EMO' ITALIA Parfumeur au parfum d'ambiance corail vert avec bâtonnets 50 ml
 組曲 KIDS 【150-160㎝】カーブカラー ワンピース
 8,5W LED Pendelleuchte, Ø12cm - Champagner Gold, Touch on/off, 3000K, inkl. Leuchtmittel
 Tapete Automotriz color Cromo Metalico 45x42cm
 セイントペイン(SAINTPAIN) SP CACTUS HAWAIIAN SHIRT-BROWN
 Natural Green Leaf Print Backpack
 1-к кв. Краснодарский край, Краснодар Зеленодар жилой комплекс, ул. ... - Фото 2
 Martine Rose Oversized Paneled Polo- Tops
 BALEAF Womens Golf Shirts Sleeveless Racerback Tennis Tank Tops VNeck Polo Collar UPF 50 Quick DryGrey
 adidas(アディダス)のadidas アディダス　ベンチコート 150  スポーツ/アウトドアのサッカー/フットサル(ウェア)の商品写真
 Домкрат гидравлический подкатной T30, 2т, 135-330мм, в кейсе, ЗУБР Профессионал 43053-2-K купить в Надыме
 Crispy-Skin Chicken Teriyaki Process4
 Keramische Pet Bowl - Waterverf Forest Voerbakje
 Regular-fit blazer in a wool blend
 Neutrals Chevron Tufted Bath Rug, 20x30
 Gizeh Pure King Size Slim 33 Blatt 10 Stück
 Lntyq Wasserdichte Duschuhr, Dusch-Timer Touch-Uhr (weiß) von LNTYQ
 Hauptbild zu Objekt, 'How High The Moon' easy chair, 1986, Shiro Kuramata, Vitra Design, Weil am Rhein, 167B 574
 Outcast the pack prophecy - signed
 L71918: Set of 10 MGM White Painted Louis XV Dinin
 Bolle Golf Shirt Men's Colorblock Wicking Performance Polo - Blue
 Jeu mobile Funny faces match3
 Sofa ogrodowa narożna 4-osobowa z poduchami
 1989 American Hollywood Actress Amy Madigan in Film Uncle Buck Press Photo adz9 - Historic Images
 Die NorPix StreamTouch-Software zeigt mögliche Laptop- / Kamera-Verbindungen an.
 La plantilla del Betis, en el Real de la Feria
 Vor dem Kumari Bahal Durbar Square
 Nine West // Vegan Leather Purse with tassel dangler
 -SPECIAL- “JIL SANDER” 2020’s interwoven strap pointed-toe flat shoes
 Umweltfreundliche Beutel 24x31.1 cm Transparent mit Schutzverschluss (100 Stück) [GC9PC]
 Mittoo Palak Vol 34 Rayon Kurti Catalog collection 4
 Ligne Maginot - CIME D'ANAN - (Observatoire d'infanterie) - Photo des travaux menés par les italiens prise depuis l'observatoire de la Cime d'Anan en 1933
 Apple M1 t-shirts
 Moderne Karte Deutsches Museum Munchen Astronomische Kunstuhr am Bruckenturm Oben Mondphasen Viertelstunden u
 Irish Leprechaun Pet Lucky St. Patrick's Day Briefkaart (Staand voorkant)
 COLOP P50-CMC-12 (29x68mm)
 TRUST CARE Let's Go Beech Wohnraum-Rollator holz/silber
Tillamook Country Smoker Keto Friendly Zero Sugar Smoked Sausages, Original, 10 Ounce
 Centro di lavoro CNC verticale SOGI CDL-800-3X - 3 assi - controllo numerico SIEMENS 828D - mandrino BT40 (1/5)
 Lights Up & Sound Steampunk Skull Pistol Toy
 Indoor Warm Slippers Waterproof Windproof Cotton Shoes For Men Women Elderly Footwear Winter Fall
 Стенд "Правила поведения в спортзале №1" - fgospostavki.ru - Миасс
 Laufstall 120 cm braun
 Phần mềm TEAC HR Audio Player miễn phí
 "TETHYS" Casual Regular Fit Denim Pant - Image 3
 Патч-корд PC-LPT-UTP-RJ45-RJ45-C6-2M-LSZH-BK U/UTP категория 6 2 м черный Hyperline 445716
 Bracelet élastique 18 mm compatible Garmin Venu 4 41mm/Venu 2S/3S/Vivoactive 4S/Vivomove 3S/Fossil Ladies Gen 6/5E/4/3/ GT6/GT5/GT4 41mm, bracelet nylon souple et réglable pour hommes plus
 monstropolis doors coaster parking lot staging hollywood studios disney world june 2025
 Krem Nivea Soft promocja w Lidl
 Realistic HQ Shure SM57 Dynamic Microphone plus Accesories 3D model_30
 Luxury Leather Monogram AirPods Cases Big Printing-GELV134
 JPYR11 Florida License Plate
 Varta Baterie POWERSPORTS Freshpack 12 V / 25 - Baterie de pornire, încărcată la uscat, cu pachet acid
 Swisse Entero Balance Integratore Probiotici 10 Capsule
-*-
* **PROBLEM DESCRIPTION**: Reproduce the listing above precisely.

* **RESPONSE TO THIS TASK**:
EMO' ITALIA Parfumeur au parfum d'ambiance corail vert avec bâtonnets 50 ml
 組曲 KIDS 【150-160㎝】カーブカラー ワンピース
 8,5W LED Pendelleuchte, Ø12cm - Champagner Gold, Touch on/off, 3000K, inkl. Leuchtmittel
 Tapete Automotriz color Cromo Metalico 45x42cm
 セイントペイン(SAINTPAIN) SP CACTUS HAWAIIAN SHIRT-BROWN
 Natural Green Leaf Print Backpack
 1-к кв. Краснодарский край, Краснодар Зеленодар жилой комплекс, ул. ... - Фото 2
 Martine Rose Oversized Paneled Polo- Tops
 BALEAF Womens Golf Shirts Sleeveless Racerback Tennis Tank Tops VNeck Polo Collar UPF 50 Quick DryGrey
 adidas(アディダス)のadidas アディダス　ベンチコート 150  スポーツ/アウトドアのサッカー/フットサル(ウェア)の商品写真
 Домкрат гидравлический подкатной T30, 2т, 135-330мм, в кейсе, ЗУБР Профессионал 43053-2-K купить в Надыме
 Crispy-Skin Chicken Teriyaki Process4
 Keramische Pet Bowl - Waterverf Forest Voerbakje
 Regular-fit blazer in a wool blend
 Neutrals Chevron Tufted Bath Rug, 20x30
 Gizeh Pure King Size Slim 33 Blatt 10 Stück
 Lntyq Wasserdichte Duschuhr, Dusch-Timer Touch-Uhr (weiß) von LNTYQ
 Hauptbild zu Objekt, 'How High The Moon' easy chair, 1986, Shiro Kuramata, Vitra Design, Weil am Rhein, 167B 574
 Outcast the pack prophecy - signed
 L71918: Set of 10 MGM White Painted Louis XV Dinin
 Bolle Golf Shirt Men's Colorblock Wicking Performance Polo - Blue
 Jeu mobile Funny faces match3
 Sofa ogrodowa narożna 4-osobowa z poduchami
 1989 American Hollywood Actress Amy Madigan in Film Uncle Buck Press Photo adz9 - Historic Images
 Die NorPix StreamTouch-Software zeigt mögliche Laptop- / Kamera-Verbindungen an.
 La plantilla del Betis, en el Real de la Feria
 Vor dem Kumari Bahal Durbar Square
 Nine West // Vegan Leather Purse with tassel dangler
 -SPECIAL- “JIL SANDER” 2020’s interwoven strap pointed-toe flat shoes
 Umweltfreundliche Beutel 24x31.1 cm Transparent mit Schutzverschluss (100 Stück) [GC9PC]
 Mittoo Palak Vol 34 Rayon Kurti Catalog collection 4
 Ligne Maginot - CIME D'ANAN - (Observatoire d'infanterie) - Photo des travaux menés par les italiens prise depuis l'observatoire de la Cime d'Anan en 1933
 Apple M1 t-shirts
 Moderne Karte Deutsches Museum Munchen Astronomische Kunstuhr am Bruckenturm Oben Mondphasen Viertelstunden u
 Irish Leprechaun Pet Lucky St. Patrick's Day Briefkaart (Staand voorkant)
 COLOP P50-CMC-12 (29x68mm)
 TRUST CARE Let's Go Beech Wohnraum-Rollator holz/silber
Tillamook Country Smoker Keto Friendly Zero Sugar Smoked Sausages, Original, 10 Ounce
 Centro di lavoro CNC verticale SOGI CDL-800-3X - 3 assi - controllo numerico SIEMENS 828D - mandrino BT40 (1/5)
 Lights Up & Sound Steampunk Skull Pistol Toy
 Indoor Warm Slippers Waterproof Windproof Cotton Shoes For Men Women Elderly Footwear Winter Fall
 Стенд "Правила поведения в спортзале №1" - fgospostavki.ru - Миасс
 Laufstall 120 cm braun
 Phần mềm TEAC HR Audio Player miễn phí
 "TETHYS" Casual Regular Fit Denim Pant - Image 3
 Патч-корд PC-LPT-UTP-RJ45-RJ45-C6-2M-LSZH-BK U/UTP категория 6 2 м черный Hyperline 445716
 Bracelet élastique 18 mm compatible Garmin Venu 4 41mm/Venu 2S/3S/Vivoactive 4S/Vivomove 3S/Fossil Ladies Gen 6/5E/4/3/ GT6/GT5/GT4 41mm, bracelet nylon souple et réglable pour hommes plus
 monstropolis doors coaster parking lot staging hollywood studios disney world june 2025
 Krem Nivea Soft promocja w Lidl
 Realistic HQ Shure SM57 Dynamic Microphone plus Accesories 3D model_30
 Luxury Leather Monogram AirPods Cases Big Printing-GELV134
 JPYR11 Florida License Plate
 Varta Baterie POWERSPORTS Freshpack 12 V / 25 - Baterie de pornire, încărcată la uscat, cu pachet acid
 Swisse Entero Balance Integratore Probiotici 10 Capsule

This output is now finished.